4 entry daha
  • osur osur ipe diz, ser güneşte kurusun

    istisnasız hayatına dokunan tüm insanlara "hayatın değer verdiği insan" muamalesi yapar. neden diye sormaz, sebebini araştırmaz. insan olması yeter sebeptir, kurcalamaz. öte yandan bazı vakitlerde ayrık küme yapar kendini mahalle maçında kenarda bokuyla oynayan çocuk gibi takımdan ayrı düz koşu yapar diğer burç çevrelerinde. sebebi basittir; kötü örnektir çünkü. 3 güne bir seneyi, bir seneye bir ömrü sığdırabilecek kadar yoğun yasar duygularını. karşı tarafa da aynı yoğunlukta yaşatmak için içten yanmalı motor gibi gaza gelir, vites değiştirir en sonunda da panik yapar son sürat duvara vurur kendini. yüksek hızla seyirde yanında yolcu bulundurmadığından spatula ile kazır duvardan kendisini. akıllanır mı yok yine de akıllanmaz evrensel kümedir çünkü, vira der dümeni kırar yeni paylaşımlara yelken açar. belki de açmaz ne bileyim ben.

    bazen ayrık küme, bazen evrensel küme, bazen de kesişim kümesi olduğundan sebep sosyal ilişkilerinde küme elemanları ile ilişkilerinde zaten bulanık sularda yüzen balığın aklını daha da bulandırır. etrafı insanlar ile doludur. çoğu zaman bu durumdan hoşnutsuz olduğu açıktır ama karbondioksiti dışarı vermek yerine fotosentezi adet edindiğinden içine atar. çünkü fotosentez dünya varlığının sürmesi açısından hayati bir süreçtir. ağaçları kesmeyin. (kamu spotu)

    eğlencenin kaynağını bulmaya görsün bokunu çıkarmaya meyillidir, ama bu beş dakika sonra değişmeyeceği anlamına gelmez. zira ikizler burcunun simgesindeki diğer karakteri kıskanır bu durumu, dizginleri ele alır. her ne kadar çift karakterli ve dengesiz diye algılansa da aslında ikizler burcu çocuğunun simgesindeki bu iki açıdan olaylara bakış özelliği ona ayakları yere sağlam basan dengeli bir duruş vermiştir. zemine bu kadar tutunarak oturan bir figür ile anlatılması da bundandır. diğerleri olayları tek bir açıdan değerlendirip fevri kararlar alırken ikizler burcu çocuğu evvel önceki zamandan olayları iki farklı açıdan görebilme ve değerlendirebilme yeteneğine sahiptir. tabiii birileri akıllarını çelene kadar.
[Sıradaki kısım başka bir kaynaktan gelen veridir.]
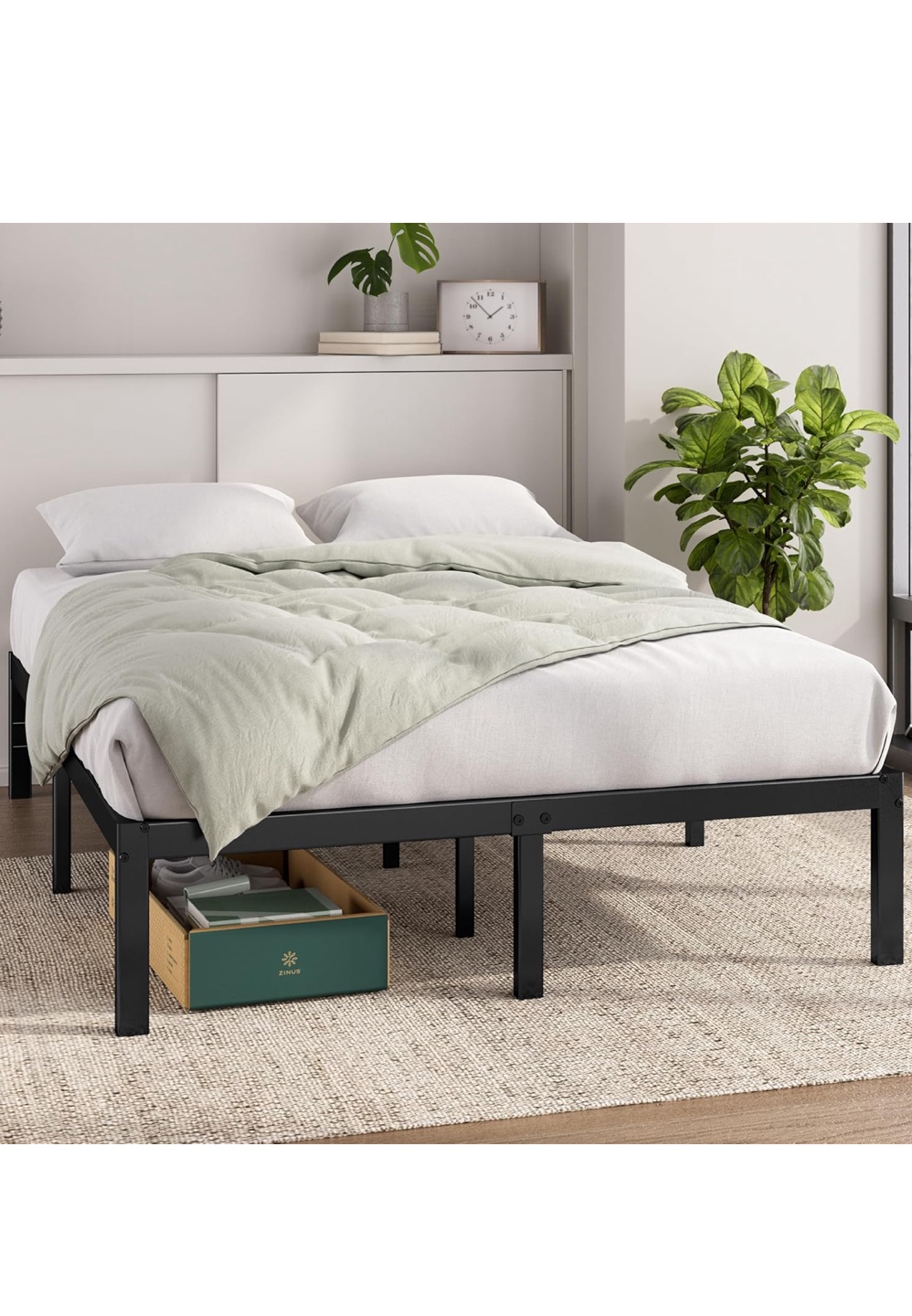 Zinus Queen Metal Platform Bed Frame
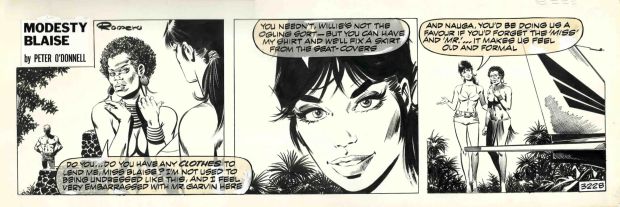 Enric Badia Romero | Modesty Blaise – Original daily strip #3228 – Romero | Origin Of Comics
    bir adım atarken kırk kere düşünüyorsa attıktan sonra neden ben bu adımı attım, sol mu önce atılırdı sağ mı, ayakkabının içine neden çorap giymedim, giyseydim ne renk giymeliydim diye ilaveten kırk defa daha düşünür fikr-i firar hallerde ama filozof damgası yemeye fırsat vermeden, düşünen adamdan farklı olarak üstelik ardında tek bir kitap bile bırakamadan başka adımlar atmaya başlar, uçtan uça tepişen kendi fikirlerine tutunmak onu hayata tutundurur, kendisinden bile korur. oysa kimse bilmez ki "akıl olmayınca neylesin fikir?"